In [60]:
import pandas as pd

In [61]:
engagement_df = pd.read_csv('../prep/prep_engagements.csv')
feedback_df = pd.read_csv('../prep/prep_feedback.csv')
user_df = pd.read_csv('../prep/prep_users.csv')
course_df = pd.read_csv('../prep/prep_courses.csv')

Calculating Engagement Score using engagement and feedback dataset

In [62]:
engagement_score_df = pd.merge(engagement_df, feedback_df, on=['userId', 'courseId'])

# Normalize timeSpent and score based on max values
max_time_spent = engagement_score_df['timeSpent'].max()
max_score = engagement_score_df['score'].max()

# Convert difficulty to a numerical scale: 'Easy' = 1, 'Medium' = 2, 'Hard' = 3
difficulty_map = {'Easy': 1, 'Medium': 2, 'Hard': 3}
engagement_score_df['difficulty_num'] = engagement_score_df['difficulty'].map(difficulty_map)

# Convert 'interactive' to binary: 'Yes' = 1, 'No' = 0
engagement_score_df['interactive_num'] = engagement_score_df['interactive'].apply(lambda x: 1 if x == 'Yes' else 0)

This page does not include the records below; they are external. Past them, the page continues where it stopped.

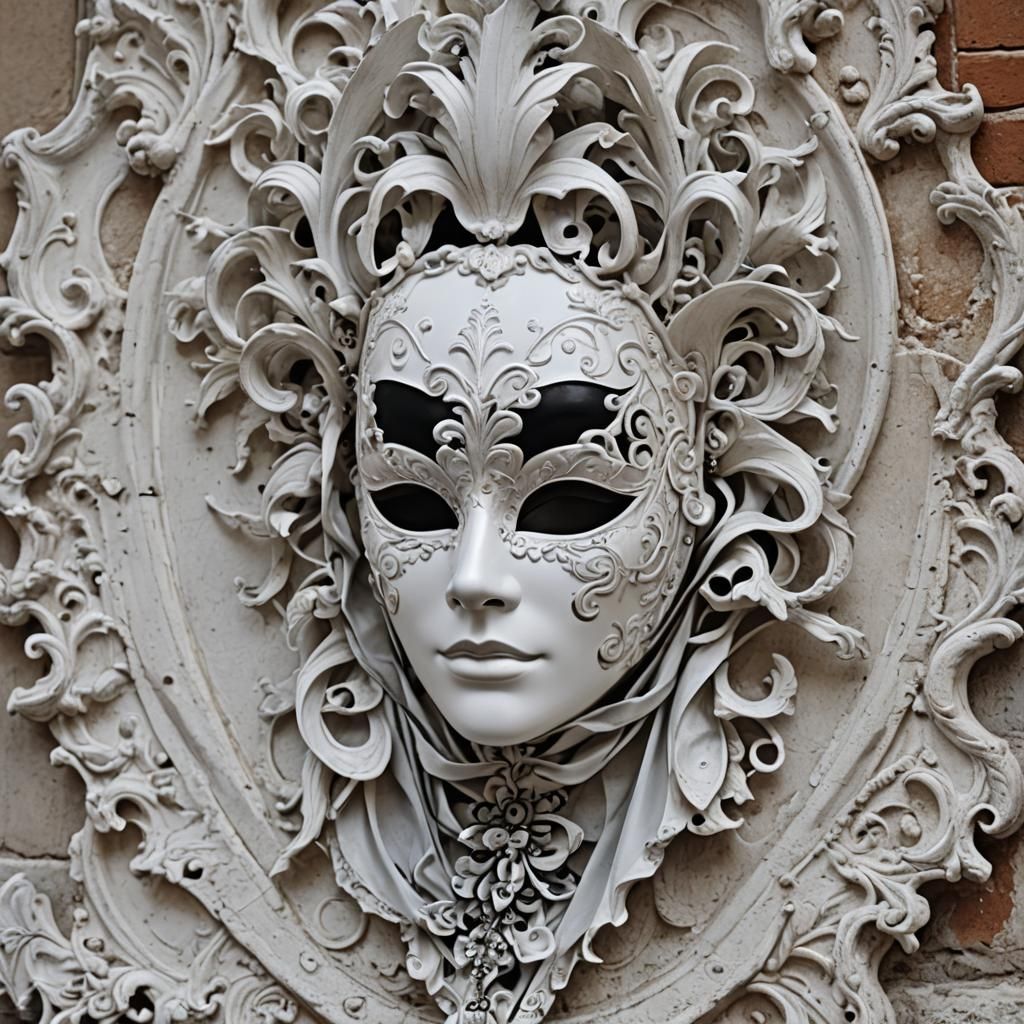 White black mask in venezia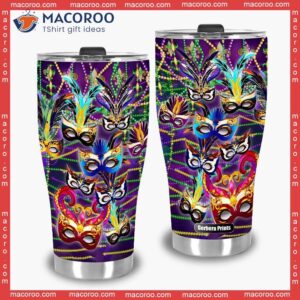 i m here for the masks mardi grasstainless steel tumbler 1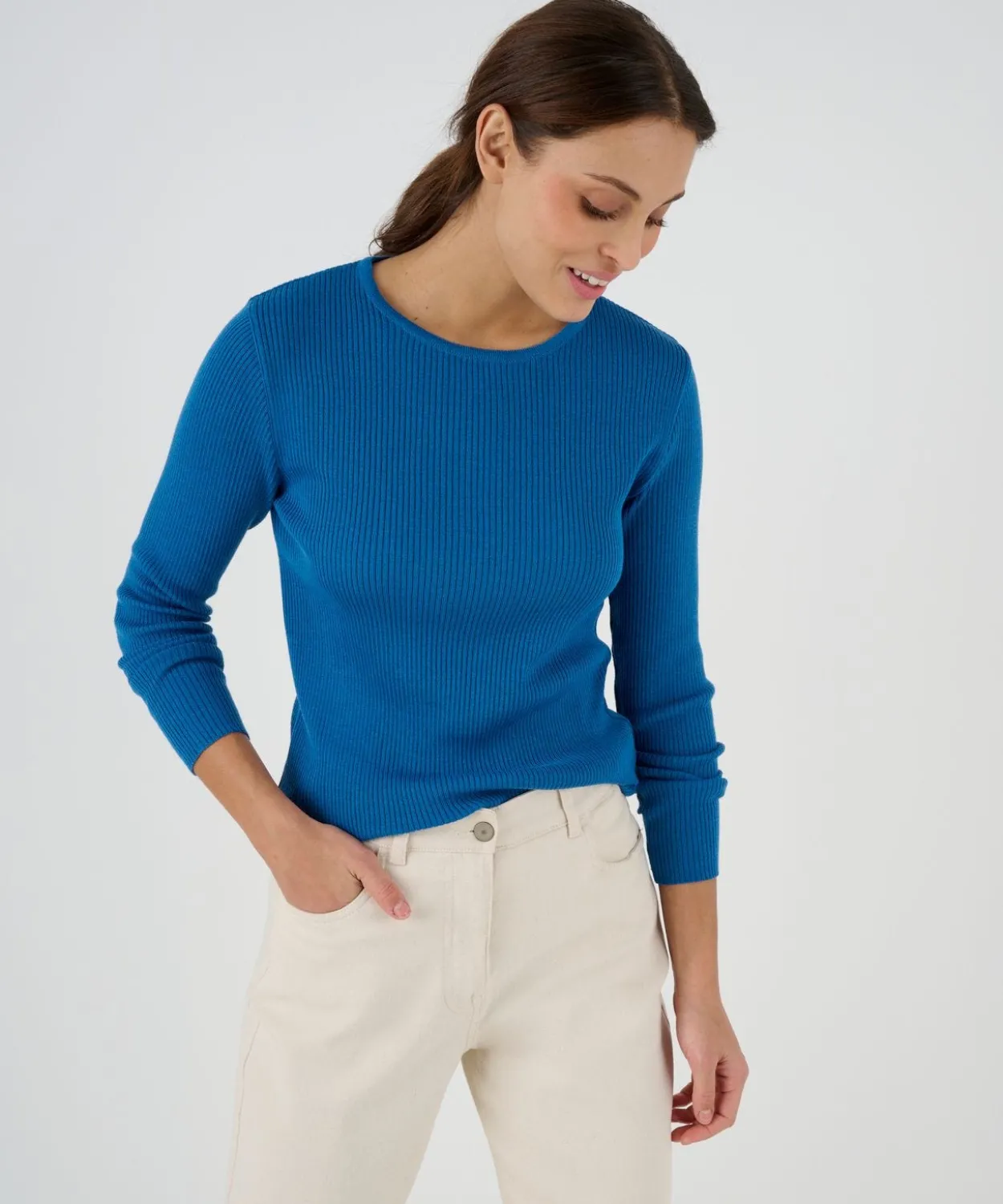 Pull col rond 50% laine mérinos, uni et rayé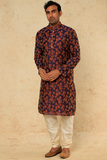 Royal blue and rust floral printed kurta set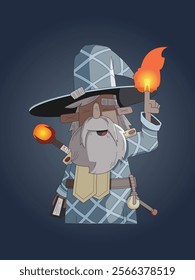 Fire mage character in the dark night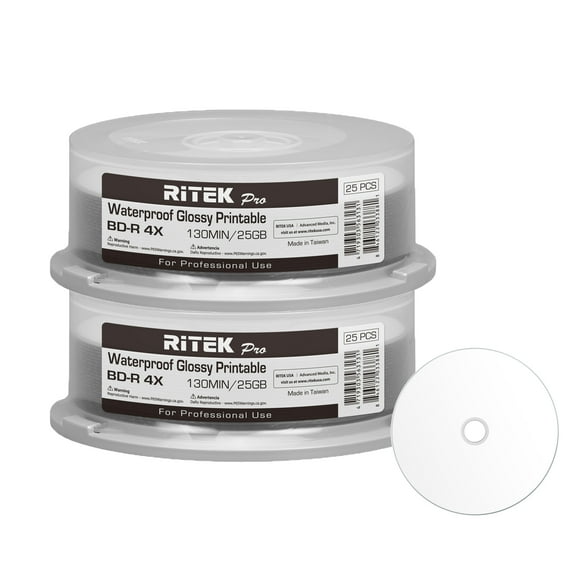50 Pack Ritek Pro (Professional Grade) BD-R Blu-ray 4X 25GB Watershield Water Resistant Glossy White Inkjet Hub Printable Blank Recordable Disc
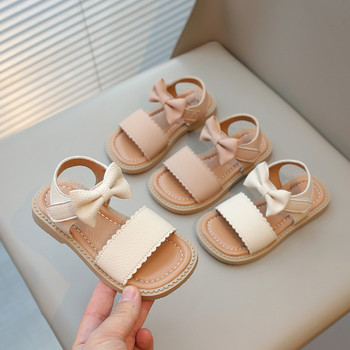 Сандали за момичета за малки деца Плажни обувки за малки деца 2024 Летни чисто нови детски плоски сандали Сладка принцеса с папионка отворени пръсти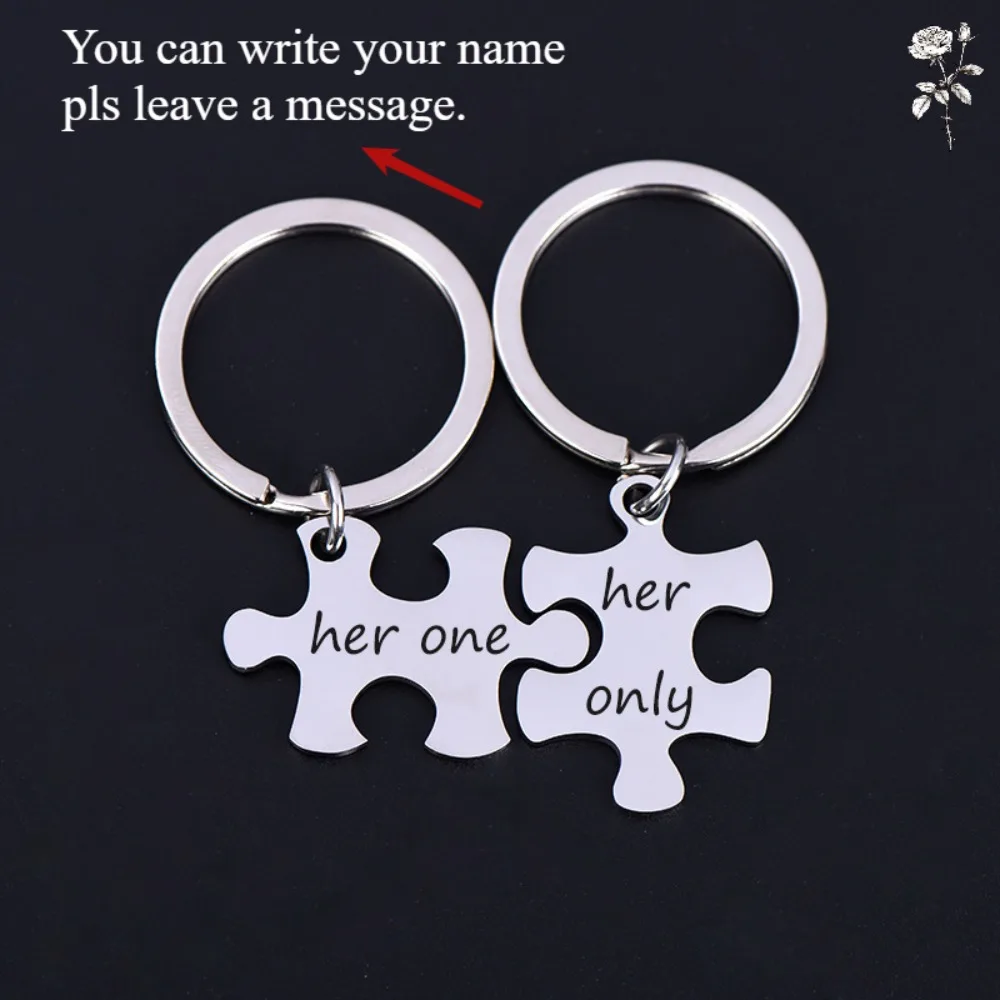 

Custom Tainless Steel Puzzle Keychain DIY Metal Couples Letters Name Engraved Keyring for Women Men Valentine's Day Jewelry Gift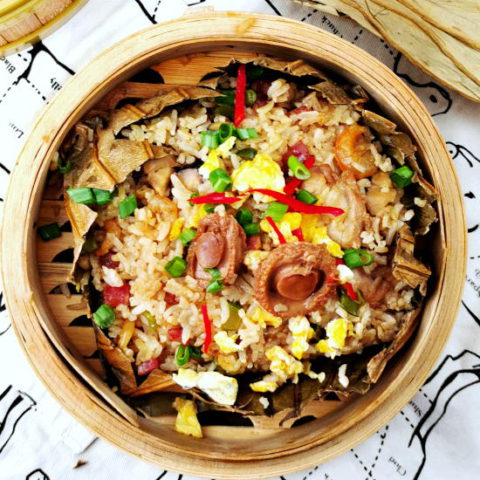 Lotus leaf rice recipe square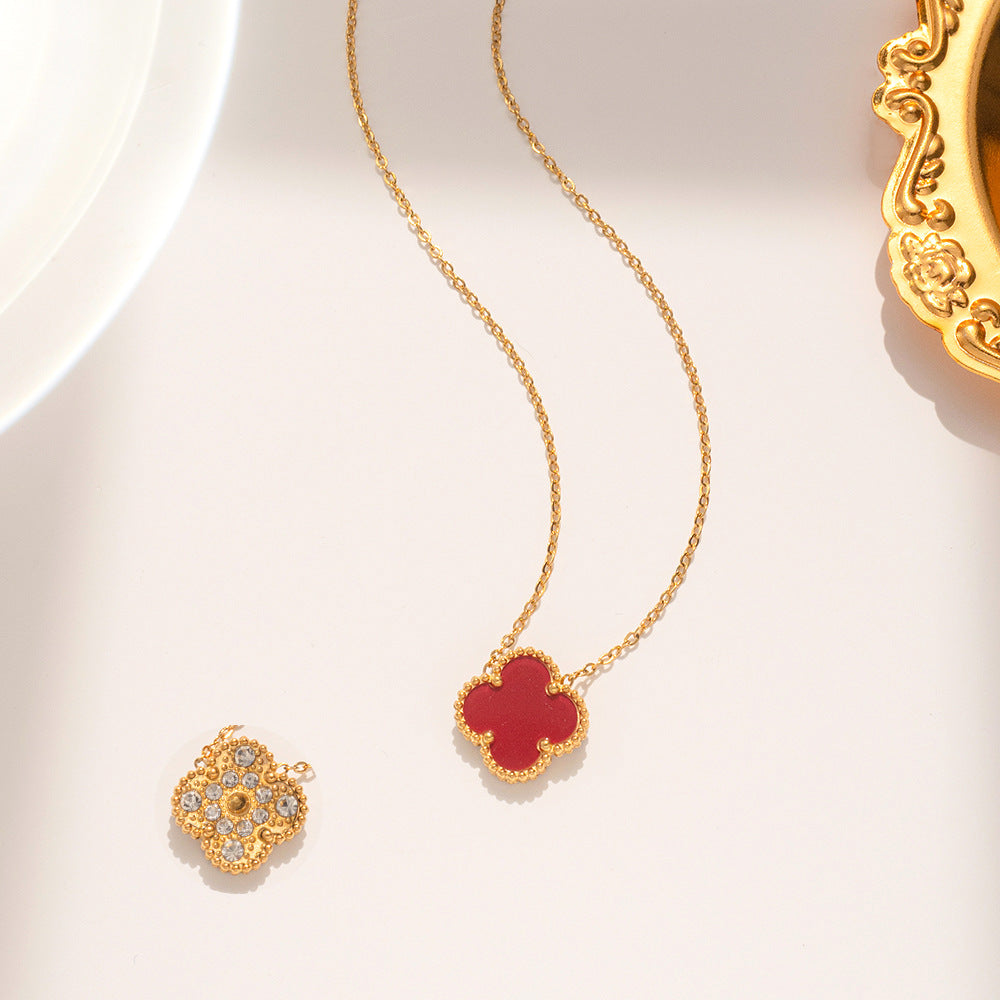 Four Leaf Clover Necklace Earrings and Bracelet Set Red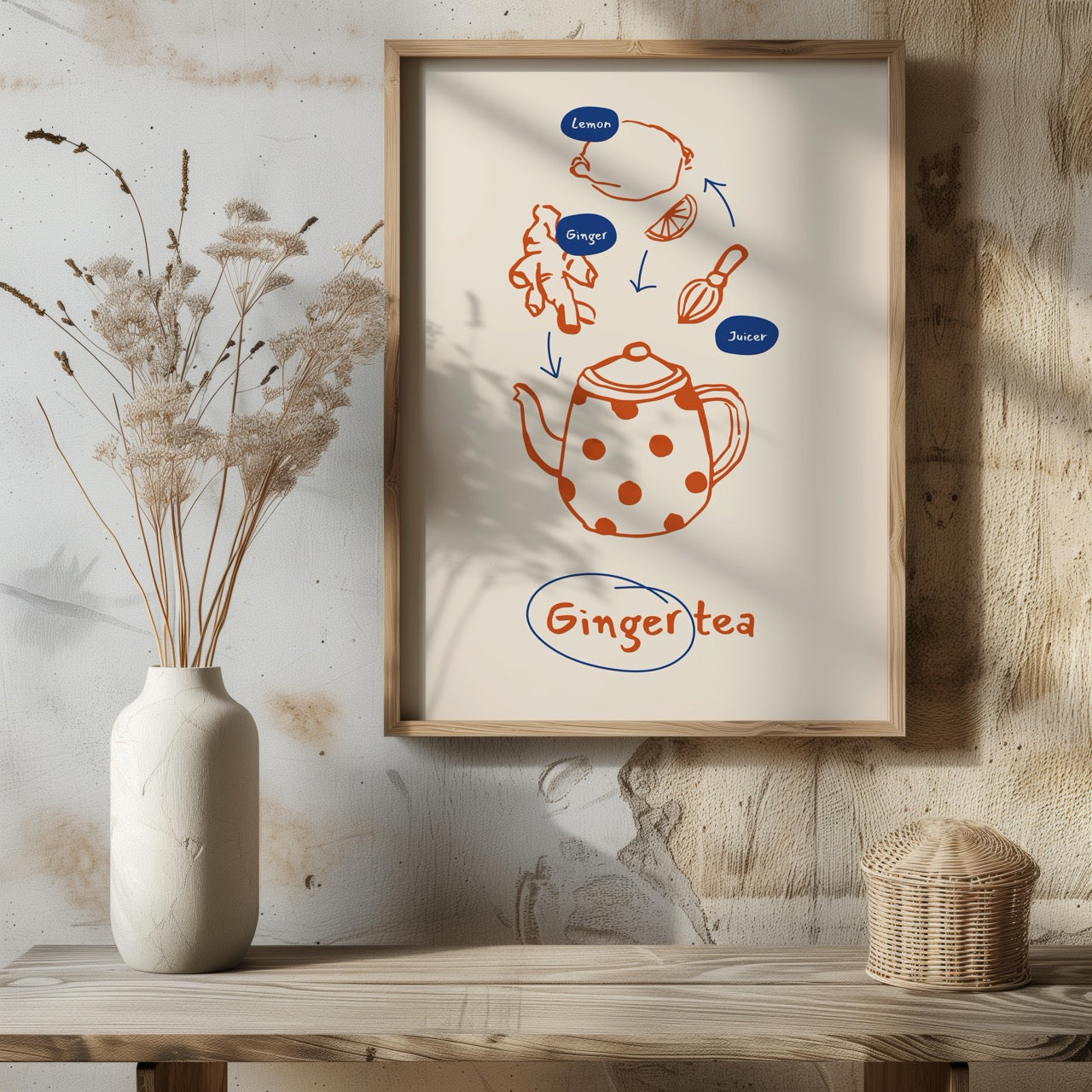 Ginger Tea Drink Recipe Ingredients Kitchen - Rolled Poster Wall Art Print | House Prints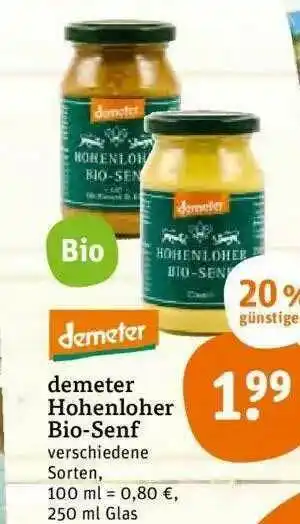 tegut Demeter Hohenloher Bio-senf Angebot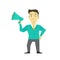 Speaker man with horn, megaphone. loudspeaker person speakerphone manager leader message. Business man politician. Flat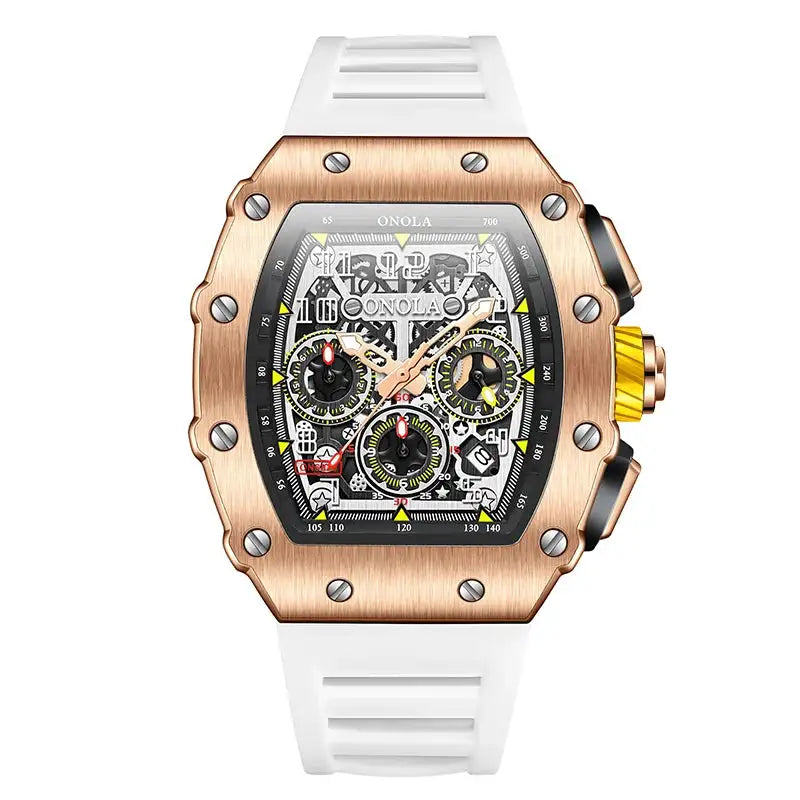 Fashion Men's Watch ONOLA Unique Design Multi-functional Automatic Mechanical Watches Men's Tape Waterproof Wristwatch - Lootquake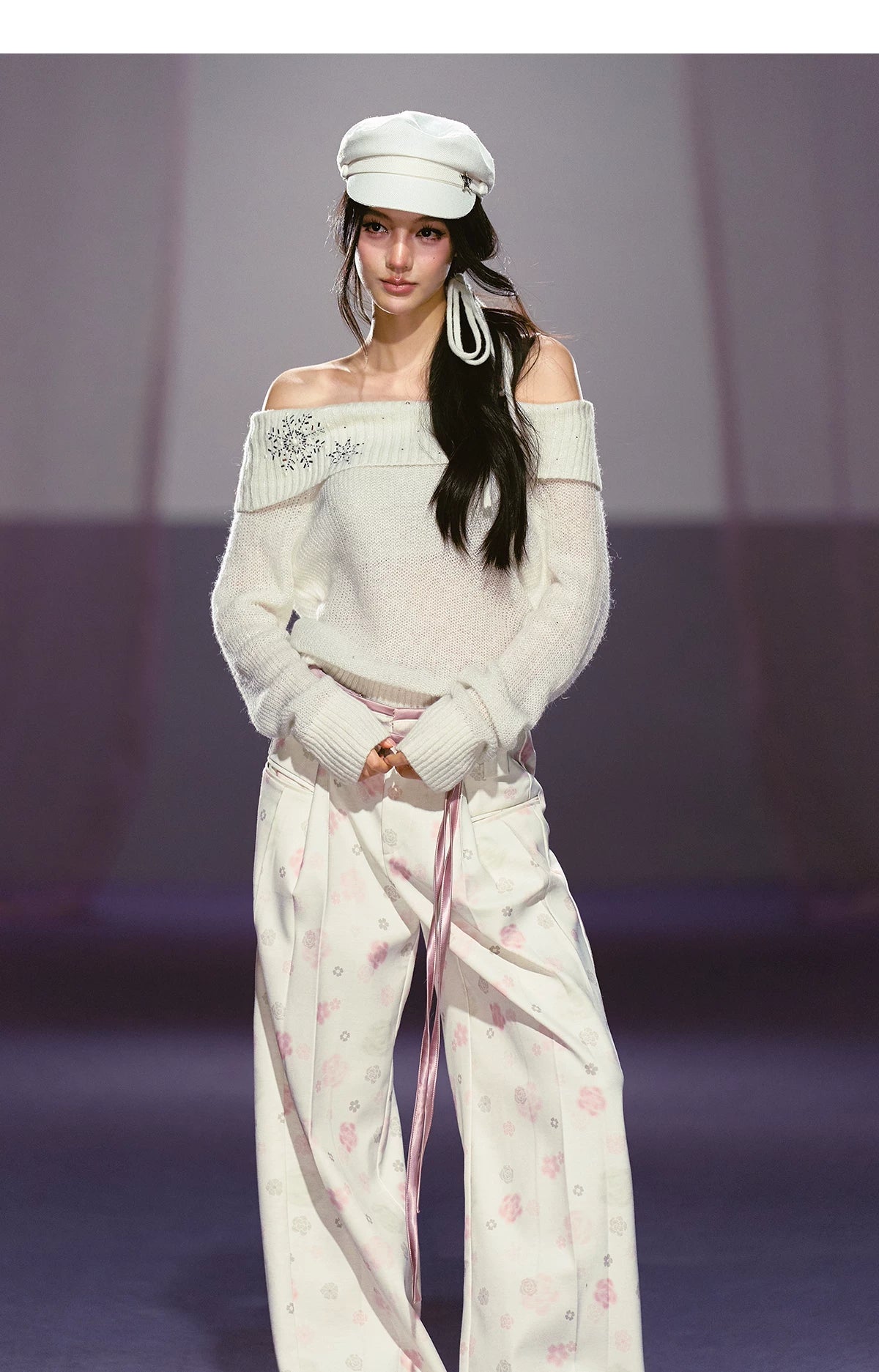 Snowflake Rhinestone Off-Shoulder Knit Sweater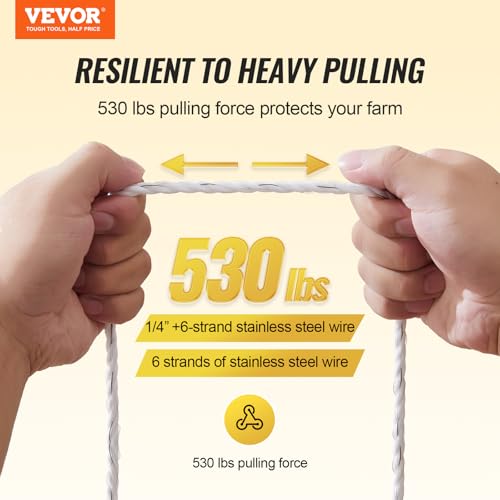 VEVOR Electric Fence Wire, 656Ft 200M Portable Polywire, 1/4" Diameter 6 Stainless Steel Strands for Reliable Conductivity and UV, Rust Resistance, Fencing Rope Line for Horse, Cattle, Livestock - size: 656Ft 200M, style: 1/4" Strands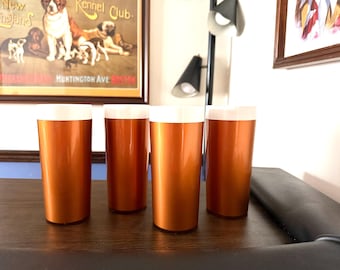 Vintage Copper Insulated Tumblers, Set of 4 (12oz, Retro Style)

# Calculate the engagement score using the formula
engagement_score_df['engagement_score'] = (0.4 * (engagement_score_df['timeSpent'] / max_time_spent)) + \
                         (0.3 * (engagement_score_df['score'] / max_score)) + \
                         (0.2 * (engagement_score_df['rating'] / 5)) + \
                         (0.1 * engagement_score_df['interactive_num'])
# Drop the column in place without creating a new DataFrame
engagement_score_df.drop(columns=['comments','difficulty_num','interactive_num','difficulty','interactive','rating'], inplace=True)


In [63]:
engagement_score_df.head()

Unnamed: 0,userId,courseId,timeSpent,score,discussions,engagement_score
0,128,238,69,1,11,0.315
1,63,259,90,4,38,0.43
2,194,5,150,2,38,0.67
3,106,264,54,5,42,0.43
4,33,111,223,0,2,0.551667


In [64]:
# Merge dataframes
report_df = pd.merge(engagement_df, feedback_df, on=['userId', 'courseId'], how='left')
report_df = pd.merge(report_df, user_df, on='userId', how='left')
report_df = pd.merge(report_df, course_df, on='courseId', how='left')

In [65]:
report_df.head()

Unnamed: 0,userId,courseId,timeSpent,score,discussions,rating,difficulty,comments,interactive,name_x,email,role,department,designation,name_y,est_duration,postedby,stack,prerequisites
0,21,79,185,4,12,,,,,Desiree Castro,dyerhannah@example.com,user,Devops,Intern,Science son seek resource answer.,97,1988-07-31,data engineering,HTML
1,53,232,106,5,0,,,,,Travis Smith,tiffanylee@example.com,user,Devops,Senior Software Engineer,Effort never.,140,2004-11-26,web development,CSS
2,79,51,211,5,31,,,,,Jennifer Glass,gonzalezkelly@example.net,user,Devops,Intern,Step increase.,128,1979-04-11,gen AI,CSS
3,191,227,123,1,12,,,,,Tara Taylor,robertmartin@example.org,user,Full-Stack,Principal Architect,Letter big game investment.,41,2015-12-16,data engineering,Basic SQL
4,200,144,113,5,43,,,,,Leah Townsend,turnermarie@example.net,user,Data Engineering,Solutions Enabler,Be president success field.,38,2021-11-04,data science,CSS


In [66]:
# ### Course-Level Aggregations ###
# 1. Total participants per course
participants_per_course = report_df.groupby('courseId').size().reset_index(name='total_participants')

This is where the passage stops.